We live in volatile times. 2023 looks to be the hottest year on record. Historic droughts and “100-year” floods are almost commonplace, threatening global food supplies. The Russian blockade and destruction of Ukrainian ports are keeping vast quantities of grain, scheduled for developing countries in Africa, off the market. Driven by food insecurity and political instability, poorer populations are on the move. This is creating a nationalistic backlash in the developing world.

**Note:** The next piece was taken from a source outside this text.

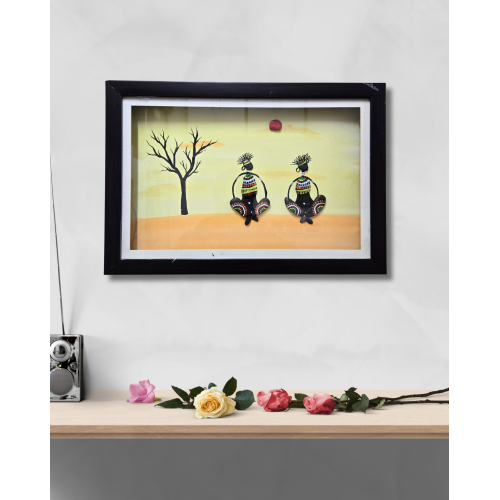 Together Always Pebble Art Frame - Valentine Gift for Him – Tribal Love Story in Stone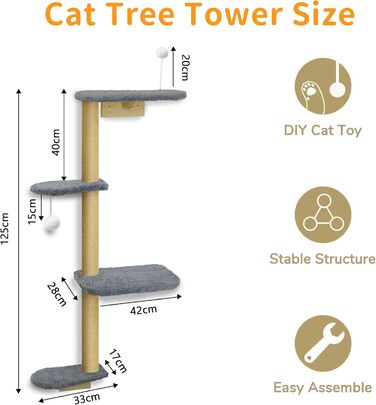 Кліматична стіна для котів Kratzbaum 125см: 4 яруси, натуральне дерево, міцний фетр, сірий колір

At the same time, the war in Ukraine could escalate further, involve more of Europe and run the risk of going nuclear, especially if Ukraine sees major gains on the battlefield or markedly increases their attacks on Russia. At over 550 days old, the war shows no sign of ending soon. Markets are ignoring the war for now, but any escalation involving NATO directly could change this in a hurry.

Here in the US, political dysfunction threatens the Covid recovery as Congress moves from the threat of one government shutdown to another. Bond-rating agency Fitch downgraded sovereign American debt in August – the first time since S&P did it in response to a similar threat in 2011. We expect American political dysfunction to grow worse as the presidential primary season kicks into gear, especially given the indictments looming over leading Republican candidate Donald Trump.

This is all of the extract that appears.